Likoni traffic set to ease as Sh82bn bridge construction starts in April

The Likoni ferry crossing channel. /ELKANA JACOB
The Likoni ferry crossing channel. /ELKANA JACOB

The construction of a Sh82 billion bridge on the Likoni channel is expected to commence in April.

The national and county government of Mombasa on Thursday began the Environmental and Social Impact Assessment of the proposed Mombasa Gate Bridge Project.

The 1.4 kilometre bridge will Mombasa island and the Mombasa South mainland, which will ease traffic at the ferry crossing.

On average, some 300,000 people and 6,000 vehicles cross the channel daily.

The project’s managing consultant Michael Mwangi said additional ferries at the Likoni channel is not the solution to the congestion experienced there.

In fact, Mwangi said, additional ferries only serve to increase the risk of accidents at the channel.

Already, there are six ferries operating across the Likoni (five) and Mtongwe (one) channels.

Read: Ferrying of Motorists at Likoni, Mtongwe suspended after overflow of water

The government plans to add another ferry but an ongoing court case over the matter has temporarily halted this.

On Thursday, Mwangi told stakeholders in Mombasa the project is jointly funded by the Kenyan and Japanese governments, through JICA.

According to preliminary results of the ingoing feasibility study, the proposed bridge will start at the King’orani prison (Jela Baridi) along Lumumba Road, then pass over the Railway station, over Moi Avenue, over Archbishop Macarius Road, Liwatoni, until the Likoni channel.

On the mainland side, the bridge will pass over Jamvi la Wageni area, from which it will start to dip after 500 metres, to across the Mtongwe road and to Ziwani area where it will join the Mombasa Southern Bypass.

 “Construction of the bridge at the Likoni channel is complicated because big ships pass through the channel. This means the bridge must be heightened. This means the bridge must start from very far,” said Mwangi.

The highest point of the bridge, above the sea, will be 69 meters tall (almost the size of a 21-storey building).

“The bridge will be used by all vehicles except tuktuks and bicycles,” said Mwangi.

“This is because the bridge will be so high that there will be a lot of wind, which might cause accidents,” he explained.

Mwangi said the bridge complex will be around 3.5 kilometres.

“But including all the support and feeder roads, the total distance of the road network to be constructed alongside the bridge will be like 10km,” said Mwangi.

Construction of the bridge will not affect the ferry services at Likoni and Mtongwe crossing channels.

Although it is too early to get the exact estimate of the cost, Mwangi said roughly at least Sh82 billion will be needed for the project.

This amount includes compensation money for all who will be affected by the project.

Mombasa county lands executive Edward Nyale said the relocation process of those who will be affected will be done smoothly and in a well thought out manner.

“Already, there is an interdepartmental committee that has been formed to handle that matter,” said Nyale.

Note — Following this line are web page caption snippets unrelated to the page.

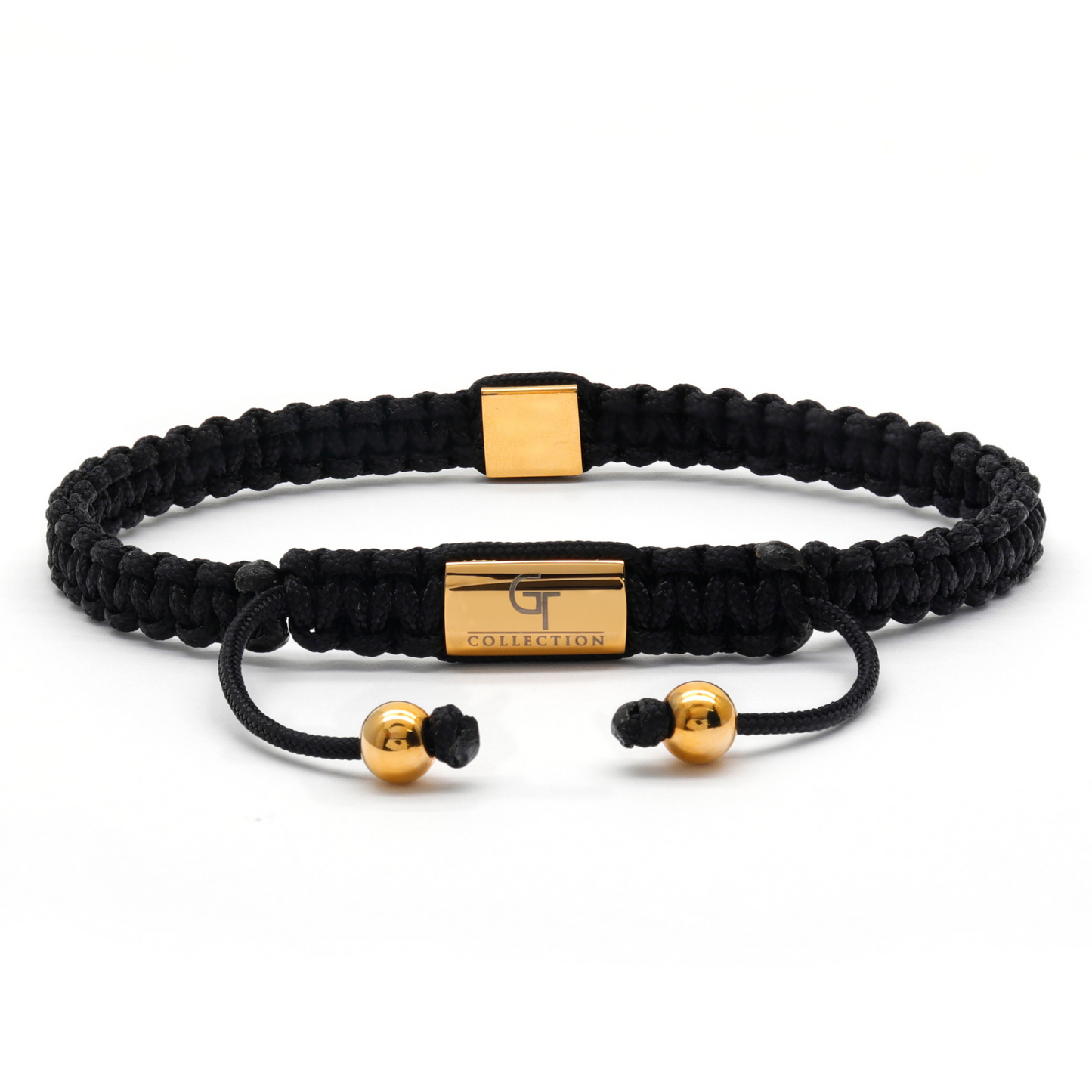 Men's Golden Pyramid Bracelet with Zircon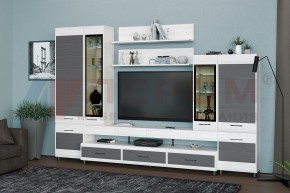 Гостиная Камелия Композиция 3 (Снежный ясень - серый) в Тарко-Сале - tarko-sale.ok-mebel.com | фото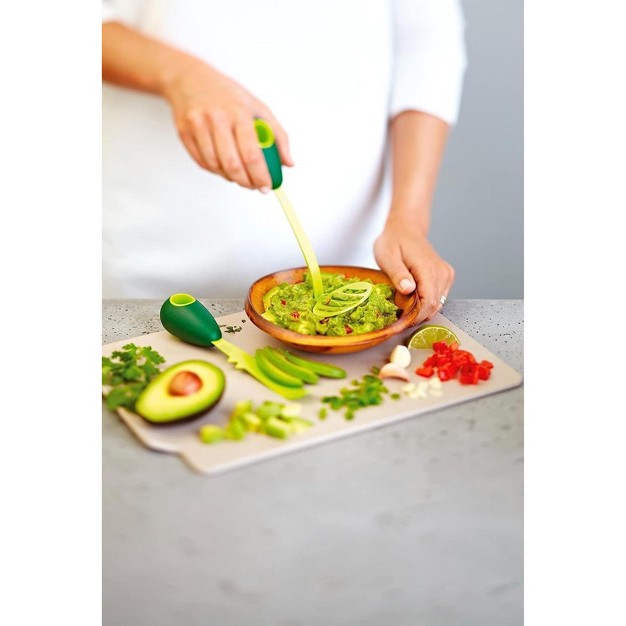 Kuhn Rikon 3 in 1 Avocado Knife With Non stick Coating Green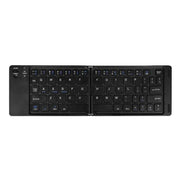B028 Two-Fold Portable Wireless Bluetooth Keyboard Mini Magnetic Keyboard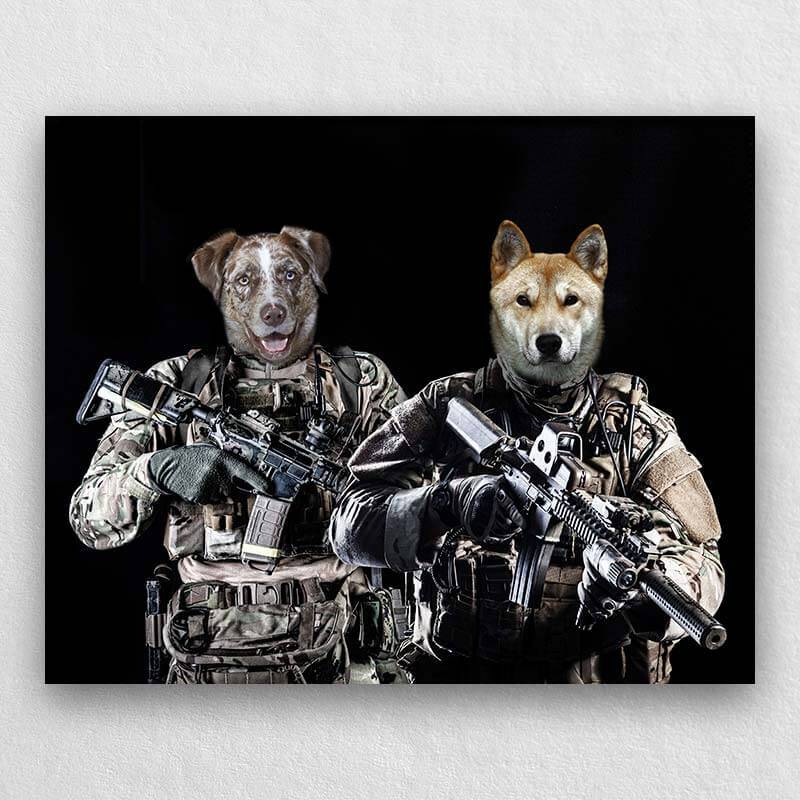 Your Pets As Special Forces Soldiers Painting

He said a lot of support infrastructure will be needed to compliment the bridge.

He said the construction of the bridge is also part of the Mombasa county master plan.

Transport department chief officer Albert Keno, who is an engineer, said all those who will be affected by the construction of the bridge will be adequately compensated.

“It is too early to estimate the number of people who will be affected. We will however know this after March 2018,” said Keno.

The actual construction of the bridge is expected to begin in April 2018 and will take about 4 years to complete.